Une autre manière d’évoquer la polysémie du symbole consiste à introduire la notion de dégradation de l’archétype. En descendant en quelque sorte de l’invisible vers le visible la force signifiante perd de son ampleur et se colore des systèmes de croyances générés par les cultures spécifiques et par l’histoire de l’humanité. En d’autres termes un symbole n’est jamais « pur » car il appartient à un temps et à un espace donné. Ainsi, par exemple, dans toutes les traditions du globe l’acquisition de la connaissance s’accompagne toujours d’un rapt et d’une transgression. L’univers nous rappelle sans cesse et partout que des forces contraires s’opposent au connaître et que celui-ci n’est atteint que si l’homme trahit le monde des dieux. Cette grande idée est pourtant mise en scène de manière particulière par chaque tradition culturelle et religieuse. Le Prométhée Grec vol le feu du soleil de son propre chef, l’Adam biblique écoute les recommandations de sa compagne et du serpent. D’autres cultures évoquent encore bien d’autres péripéties, mais toujours autour de cette idée centrale du vol, de la transgression et de la punition.
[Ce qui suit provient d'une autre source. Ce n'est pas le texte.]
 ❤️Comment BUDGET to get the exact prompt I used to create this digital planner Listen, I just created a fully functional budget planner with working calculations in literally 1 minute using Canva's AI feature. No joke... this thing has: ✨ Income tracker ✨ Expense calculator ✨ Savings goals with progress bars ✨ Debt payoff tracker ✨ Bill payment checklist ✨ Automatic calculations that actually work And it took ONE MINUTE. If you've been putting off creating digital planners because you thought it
Il existe donc plusieurs « niveaux » de manifestation du symbole depuis sa dimension universelle jusqu’aux symboles personnels en passant par les grandes images culturelles. Les images des rêves son personnelles, les drapeaux nationaux sont culturels, le thème du vol du feu est universel. Pourtant tous se relient à un ou plusieurs archétypes fondateurs qui en sont, en quelque sorte, la source.

Un langage s’appuie sur des mots, leur assemblage forme des phrases. C’est là une construction spécifiquement humaine. La nature muette à inventé une autre manière de dire qui elle est. Le langage de l’Etre parle par la voie des symboles, ses phrases sont des assemblages d’images symboliques. C’est là la définition la plus simple du mythe. Une histoire mythologique est en fait une constellation de sens, ce sont des symboles qui ont décidé de vivre leur vie ensemble et d’accompagner la nature dans une direction particulière. Analogiquement ils réalisent ce que savent faire les cellules sur la plan biologique : s’associer pour former des organes et des organismes.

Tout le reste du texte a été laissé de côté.